Technically the new tent is good. It’s small and light and is a keeper. It’s smaller and more cramped than my Vango (am I repeating myself?) the porch part especially. It came with two too few pegs. But it does the job nicely. The snazzy Thermarest is thicker and more comfortable than the standard orange model but is slightly too long for the small tent space. It’s slightly lighter and packs down to the same size so is also a keeper though – for another trip where lightness is important I may leave it at home. Keeping everything charged is tricky with a mixture of plugging as much in while I ride and using a power bank in the evening. But I seem always a step behind and something is uncharged that needs to be. It needs constant thinking about. And the Sony helmet cam eats through batteries – and its clever remote controller does too. Campsite bathrooms don’t seem to have sockets any more perhaps because everyone was charging up their phones and bills were starting to climb. 

Tonight it will rain but tomorrow will be bright and much warmer than today. Hooray. 
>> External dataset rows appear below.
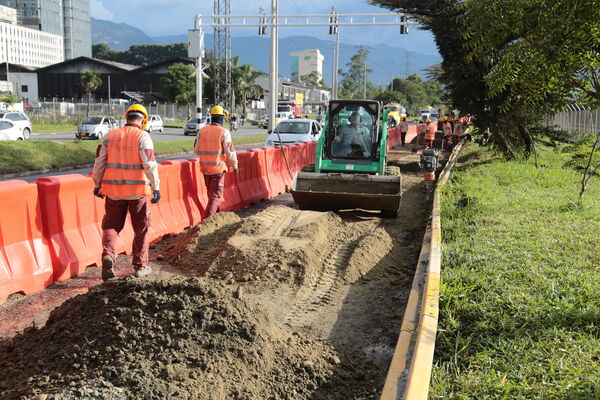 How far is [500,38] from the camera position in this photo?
642 centimetres

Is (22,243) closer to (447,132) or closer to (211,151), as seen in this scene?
(211,151)

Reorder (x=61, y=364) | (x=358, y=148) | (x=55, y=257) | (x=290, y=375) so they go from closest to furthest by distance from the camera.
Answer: (x=61, y=364) → (x=290, y=375) → (x=55, y=257) → (x=358, y=148)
First day Rutland and Derbyshire 26th July

 

This was always going to be a substitute holiday it started with a journey across London up to the A1 a road that has a history that most of the motorways don’t. A big jam up to Apex corner where I think the A1 starts delayed my arrival at Stamford Waitrose where I had planned to fish for my dinner and breakfast. The ride up the A1 was enjoyable no delays and I could have made even better time that I did. Stamford is stunning I had forgotten. In the days of coaches, before cars when travel had to conform to some natural world constraints and structures, it must have been a stop from London where they changed the horses. 
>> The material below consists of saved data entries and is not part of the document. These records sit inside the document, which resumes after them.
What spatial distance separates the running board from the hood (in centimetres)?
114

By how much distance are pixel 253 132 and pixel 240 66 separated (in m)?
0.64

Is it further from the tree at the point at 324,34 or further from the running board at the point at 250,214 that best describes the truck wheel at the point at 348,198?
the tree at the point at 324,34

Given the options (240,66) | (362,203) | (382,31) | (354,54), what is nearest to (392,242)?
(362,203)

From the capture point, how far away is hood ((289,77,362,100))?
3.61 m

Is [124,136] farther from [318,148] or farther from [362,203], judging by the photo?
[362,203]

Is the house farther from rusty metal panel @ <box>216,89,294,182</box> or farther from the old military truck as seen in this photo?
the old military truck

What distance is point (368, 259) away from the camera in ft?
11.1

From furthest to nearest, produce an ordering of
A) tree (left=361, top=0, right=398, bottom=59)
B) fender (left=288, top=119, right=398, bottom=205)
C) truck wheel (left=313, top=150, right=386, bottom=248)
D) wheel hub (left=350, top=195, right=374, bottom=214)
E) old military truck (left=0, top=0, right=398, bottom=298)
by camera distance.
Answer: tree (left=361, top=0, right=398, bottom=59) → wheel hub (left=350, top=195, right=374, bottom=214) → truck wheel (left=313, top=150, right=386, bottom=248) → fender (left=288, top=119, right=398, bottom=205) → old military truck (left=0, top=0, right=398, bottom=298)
Cuckoo farm campsite is about 15 minutes out of Stamford. Its pleasant with a wide view across some gentle hills. The place is super clean perhaps due to Covid and I am pitched on a slight slope next to a field with gambolling lambs. 

As I’ve mentioned here at least once before, I’m trying out a few new lighter things, this lightweight tent for example. Terra nova starlight 2. It packs much smaller and lighter than my nearly ten year old and much travelled Vango Spirit 2. But it is definitely more cramped with a much more slopy vestibule and less versatile door. So far it’s workable and definitely a worthwhile trade off for being able to leave one top box at home. It came with limited pegs so I need to buy some more tomorrow – actually two short by design – they weren’t missing. I should have brought more with me. if I had tried putting it up before I left as everyone recommends.  

My dinner was some nice steak cooked with garlic, red pepper and fresh noodles cooked while sitting on those versatile Touratech panniers. My nearest neighbours here are one or maybe two Eastern European families with much calling after running off children but it is a great advantage not to be able to understand their conversation. 

The other new kit is a Thermarest inflating mattress slightly lighter than my old fave but actually slightly too long for the tent. The wind is buffeting the tent and as usual children are still running around playing while I am thinking about crawling into my sleeping bag and getting my head down. 

Tuesday 28th July

It’s payday today. I’m sitting on my Touratech metal box wearing my cap and waiting to leave Cuckoo Farm Campsite. Yesterday rained most of the day but today I woke up to bright sunshine, so the ground was dry as was anything else available to perch on. I’ve plotted a route up to Derbyshire to my next campsite Dale Farm.